Though the airline has delayed the April delivery of a Boeing 737 MAX until the cause of the Ethiopian Airlines crash is known, Baker said.

Boeing will brief more than 200 global airline pilots, technical leaders and regulators this week on software and training updates for its 737 MAX aircraft, as Ethiopian Airlines expressed confidence in the planemaker despite a recent crash.

However, the decision by KQ to proceed with the Boeing 737 Max 8 jets deal estimated to be worth KSh 120 billion sparked angry reactions from Kenyans who took to social media to express their rage.

Ethiopian Airlines's chief executive Tewolde GebreMariam
KQ Flies On The Boeing 737 Max 8 Plan Amid Safety Concerns

The Indonesian carrier has orders for fifty B737-8s of which only one - PK-GDA (msn 62093) - has thus far been delivered.

The session in Renton, Washington is part of an effort to reach all current, and many future, 737 MAX operators and their home regulators to discuss software and training updates to the jet, Boeing said in a statement.

Mr GebreMariam said, "Let me be clear: Ethiopian Airlines believes in Boeing". Boeing will also activate a cockpit display that shows pilots if the two vanes provide conflicting data, as they did on the doomed Lion Air plane.
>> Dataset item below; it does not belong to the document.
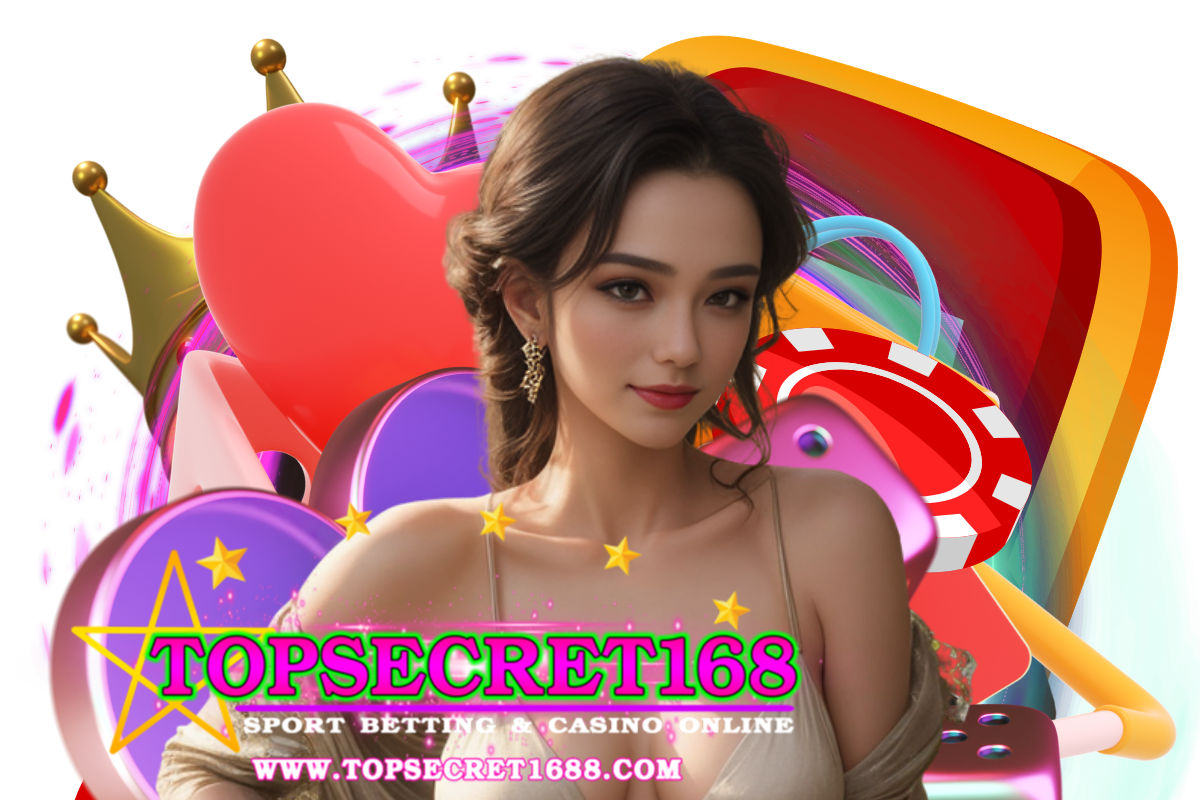 topsecret168 แจกเครดิตฟรี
The new system is created to push the plane's nose down for no longer than 10 seconds in the event of a detected stall. It's triggered by a signal from a sensor measuring the plane's angle of attack, which is the angle between the wings and the air flow. For instance, the airplane's flight manuals and the pilot training protocols will also have to be updated.

"Given the magnitude of our 737 MAX operations which on average carry nine to twelve thousand customers per day, customers can expect delays in rebooking", the airline said.